Ce texte est paru dans le magazine Bravo en mai 1930. En 1940 et 1947, Chaplin tournera respectivement Le Dictateur et Monsieur Verdoux.

Les deux personnalités que je désire le plus animer dans un film sont Napoléon et le Christ. Depui des années, tout le monde sait que je meurs d'envie de jouer le rôle de Napoléon. Longtemps avant que j'aie terminé Le Cirque, les journaux annonçaient déjà que mon film suivant serait consacré à Napoléon et on avait déjà dit la même chose après la présentation de La Ruée vers l'or. Cela viendra bien un jour.
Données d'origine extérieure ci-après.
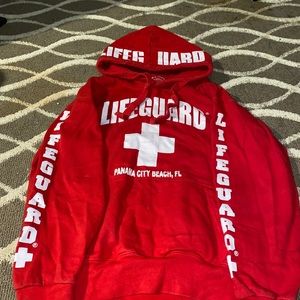 Red lifeguard hoodie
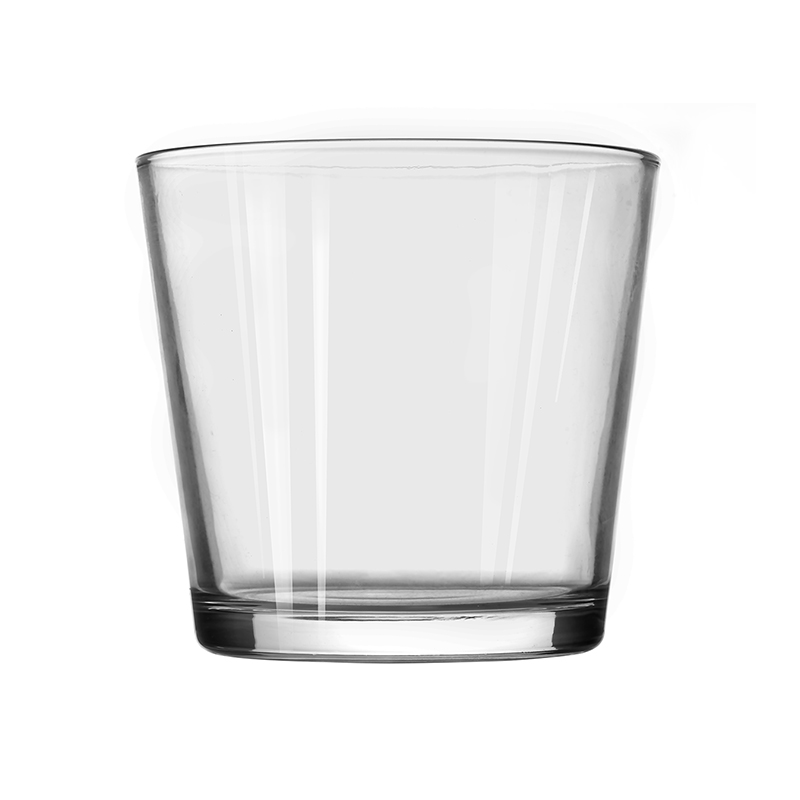 Tsina Pakyawan ang bilog na ilalim na hugis V na lalagyan ng kandilang salamin Manufacturer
Ce n'est pas tant chez moi l'acteur qui se sentirait à l'aise dans le costume de l'Empereur des Français, c'est l'apôtre. Je voudrais en représentant Napoléon tel que je le conçois, effacer chez une foule d'honnêtes gens la figure traditionnelle « artistique » et absolument fausse, que l'habitude leur a fait accepter. Je ne représenterais pas Napoléon comme puissant général, mais comme un être malingre, taciturne, presque morose, continuellement harcelé par les membres de sa famille. Sa famille, et en particulier sa mère, Letizia Ramolino, a tenu une place considérable dans la conduite de son existence. Je ne vois pas sans un certain humour ses efforts pour bien marier ses frères, ses sœurs et aussi ses beaux-enfants, pour rester en bons termes avec sa mère et sa femme, et gagner en même temps quelques guerres. Combien d'effets dramatiques ne pourrait-on pas tirer de tout cela ? Naturellement, je ne ferais pas de lui un burlesque - bien sûr – mais je voudrais montrer, avant tout, les difficultés domestiques qui le préoccupaient et tout le mal qu'il se donna pour s'en dégager et pour maintenir la paix dans sa famille.
Un des passages de sa vie qui m'intéresse le plus est le moment de sa rupture avec Joséphine. Je vois ça très nettement. D'abord l'Empereur l'appelle à lui pour la prier de s'éloigner – elle, la Joséphine qui l'avait aidé, qui avait cru en lui et l'avait poussé en avant. Un peu plus tard, dans son palais, la dernière nuit, elle compte lentement les heures, les minutes, cherchant à emporter un souvenir vivace de tout ce qui lui a été familier. Quand vient le moment du départ, je la vois s'enveloppant dans sa cape, passant lentement dans la nuit, montant en carrosse et disparaissant. Dans une autre scène, elle apprendrait par le tonnerre des canons la naissance de l'enfant de Napoléon, comptant les coups tirés, impatiente de savoir si un fils lui est né.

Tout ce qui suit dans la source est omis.